▶ [AIM OF THE TASK] Working from the start of the listing, please write out exactly the lines through the one that holds "DISNEY MOK THE", both included, and omit all pictures.

▶ [DATA SUPPLIED]
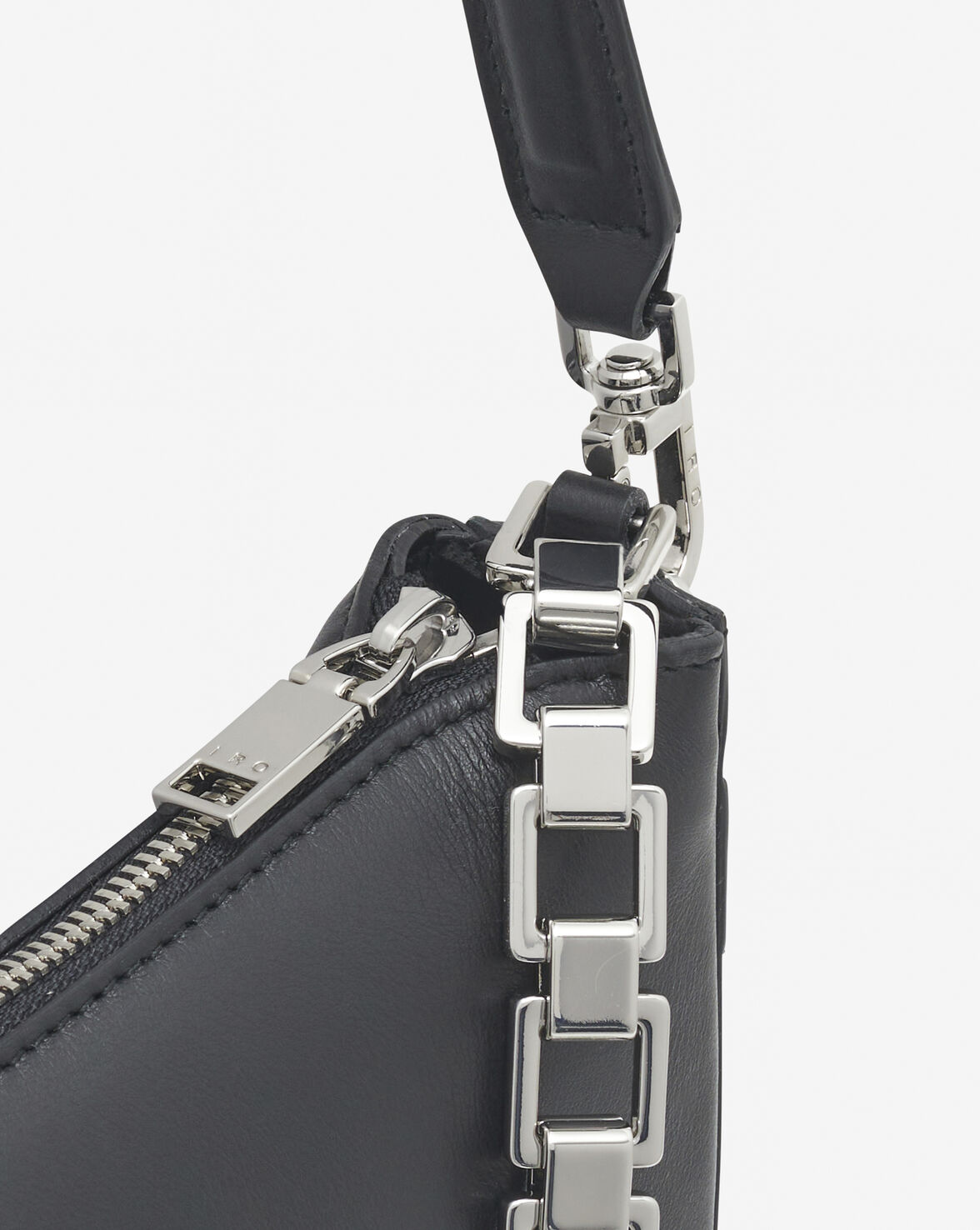 Iro | Arc Baby Chain Leather Shoulder Bag | Black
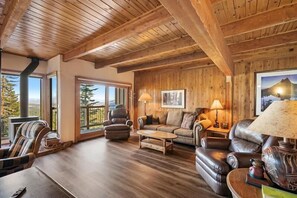 Windows to bring the outdoors inside!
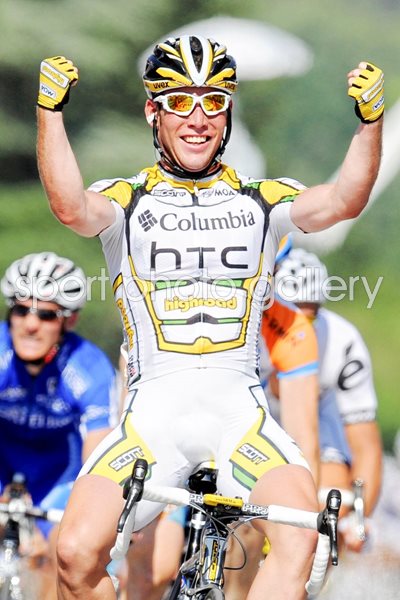 Mark Cavendish celebrates 2009 Stage Two win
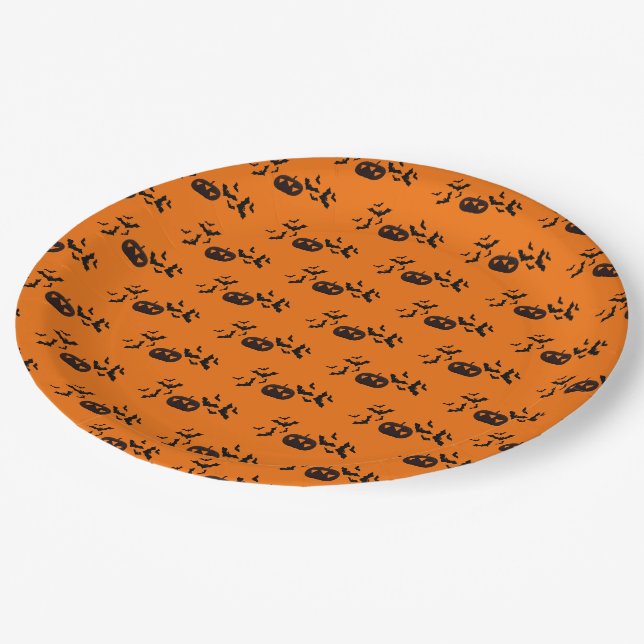 Classic Halloween Paper Plat Pumpkin Bat Pattern  Plates (Angled)
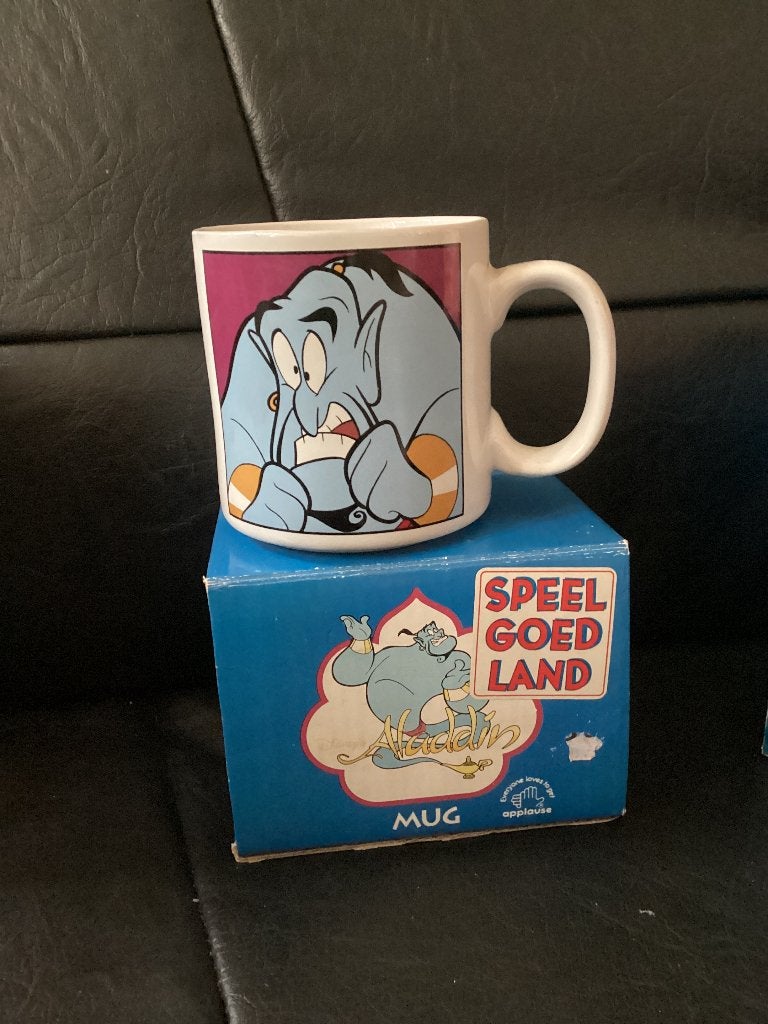 DISNEY MOK THE GEENY ALADIN, Verzamelen, Disney, Ophalen of Verzenden, Overige figuren, Zo goed als nieuw, Servies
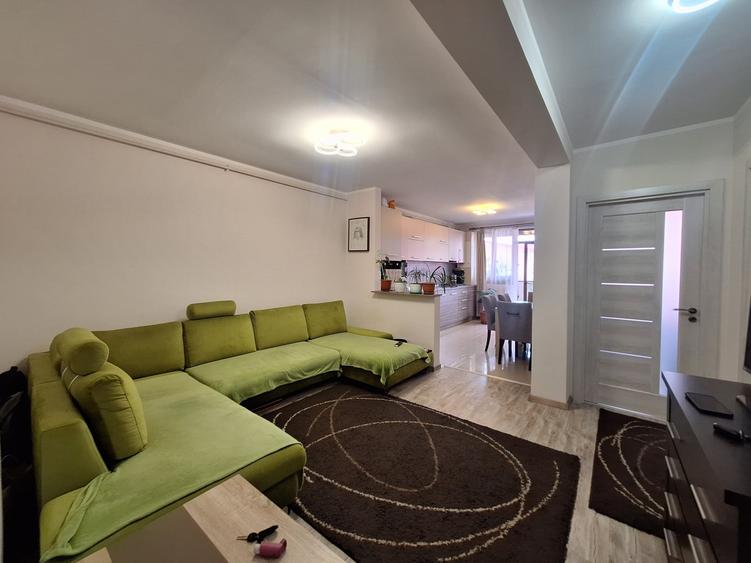 Apartament cu 2 camere semidecomandat, mobilat în Florești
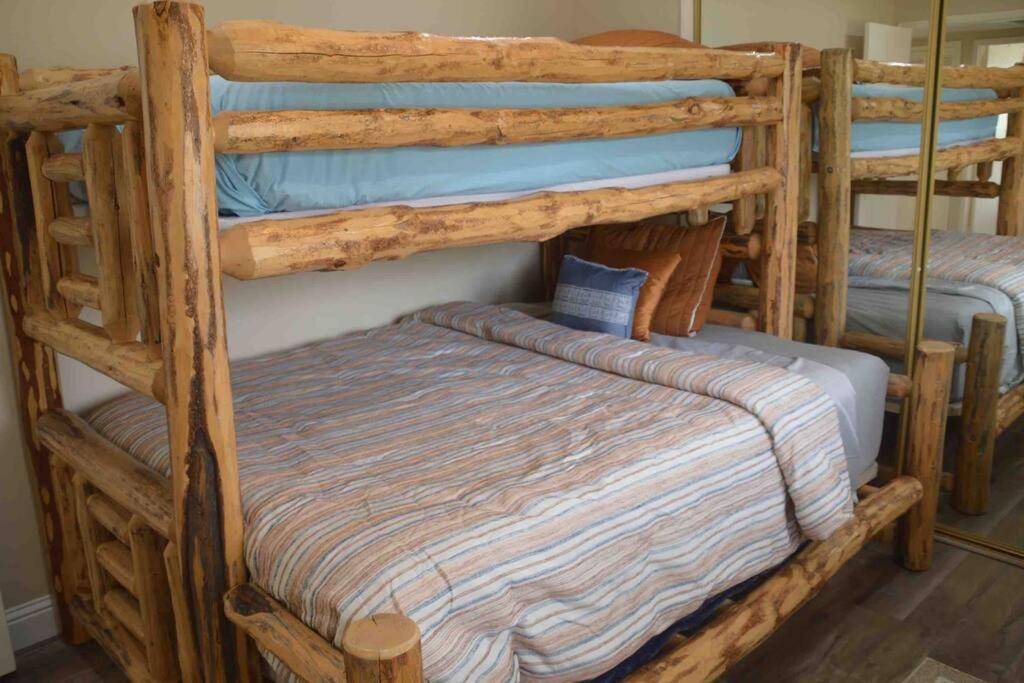 Beautiful 3 Bedroom Home Located Near Yosemite Oakhurst Ngoại thất bức ảnh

▶ [SOLUTION FOR THIS TASK]
 Iro | Arc Baby Chain Leather Shoulder Bag | Black
 Windows to bring the outdoors inside!
 Mark Cavendish celebrates 2009 Stage Two win
 Classic Halloween Paper Plat Pumpkin Bat Pattern  Plates (Angled)
 DISNEY MOK THE GEENY ALADIN, Verzamelen, Disney, Ophalen of Verzenden, Overige figuren, Zo goed als nieuw, Servies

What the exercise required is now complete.